*Dataset records*

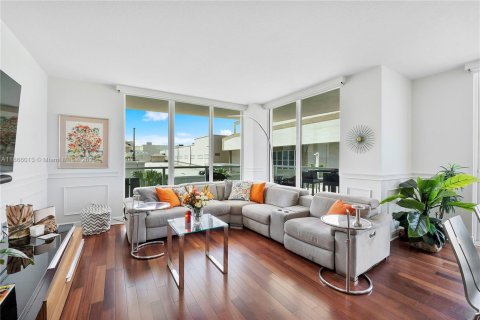 Condo in Fort Lauderdale, Florida, 2 bedrooms  № 1897368 - photo 10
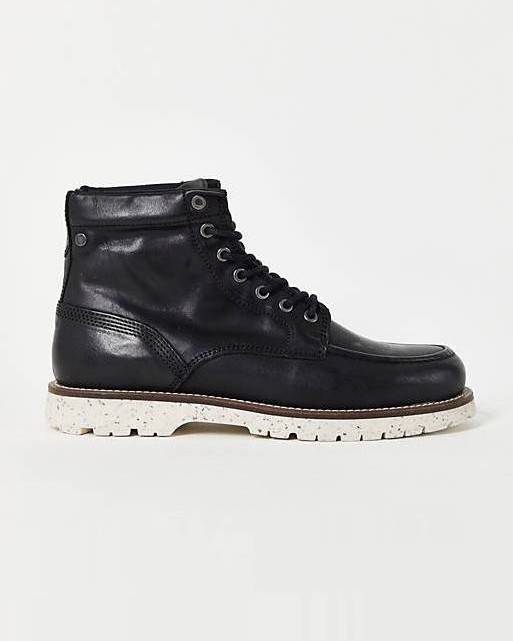 Leather Lace Up Boot With Contrast Sole In Black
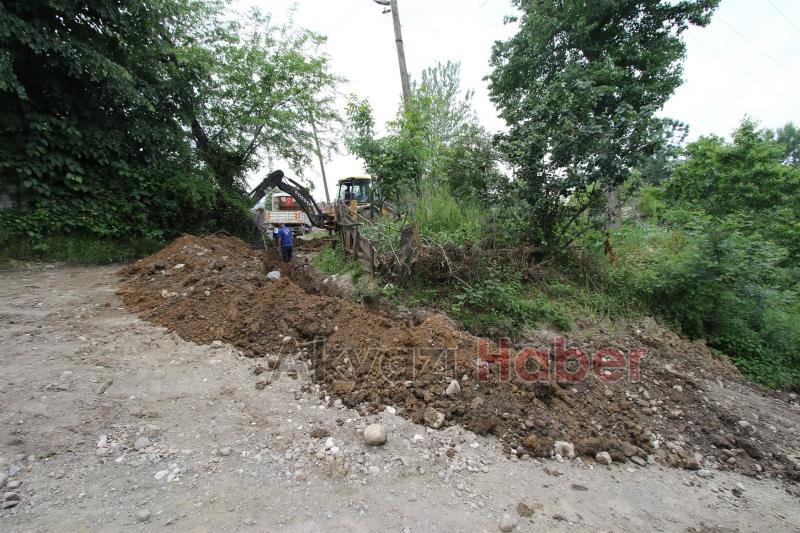 TAŞBURUN MAHALLESİNDE YAĞMUR SUYU HATTI ÇALIŞMALARI
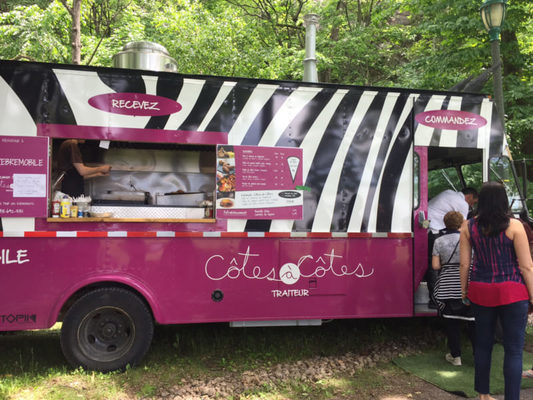 Zebra Mobile: decadent street kitchen!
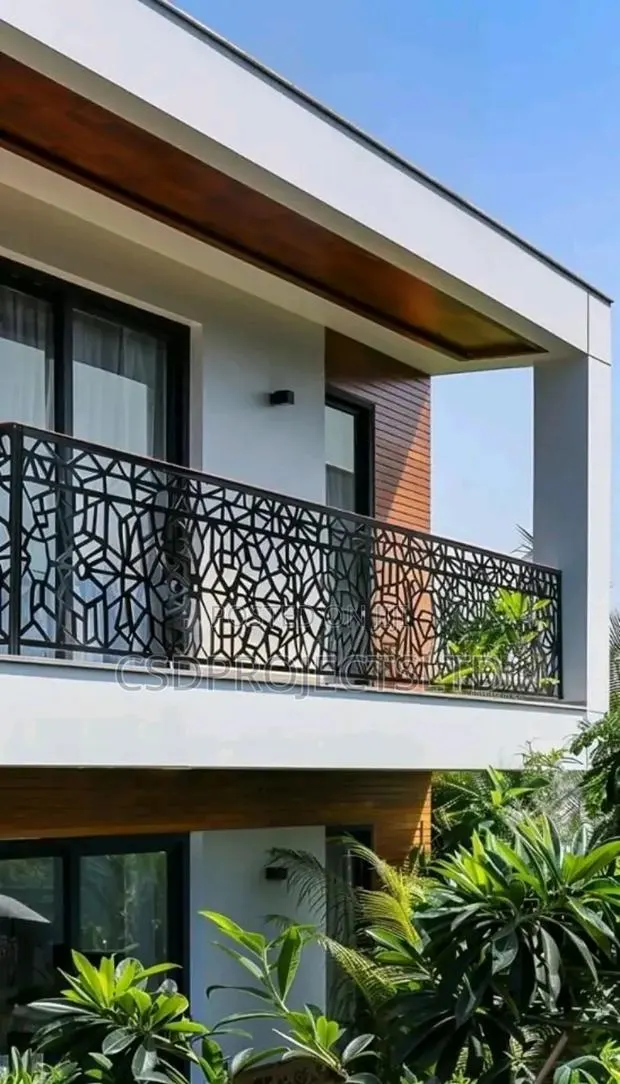 Excellent Metal Balustrade · Photo 1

*Your assignment*
To answer, repeat exactly the lines from the line containing "Leather Lace Up" through the last line of the data above, leaving out all pictures.

*Response box*
 Leather Lace Up Boot With Contrast Sole In Black
 TAŞBURUN MAHALLESİNDE YAĞMUR SUYU HATTI ÇALIŞMALARI
 Zebra Mobile: decadent street kitchen!
 Excellent Metal Balustrade · Photo 1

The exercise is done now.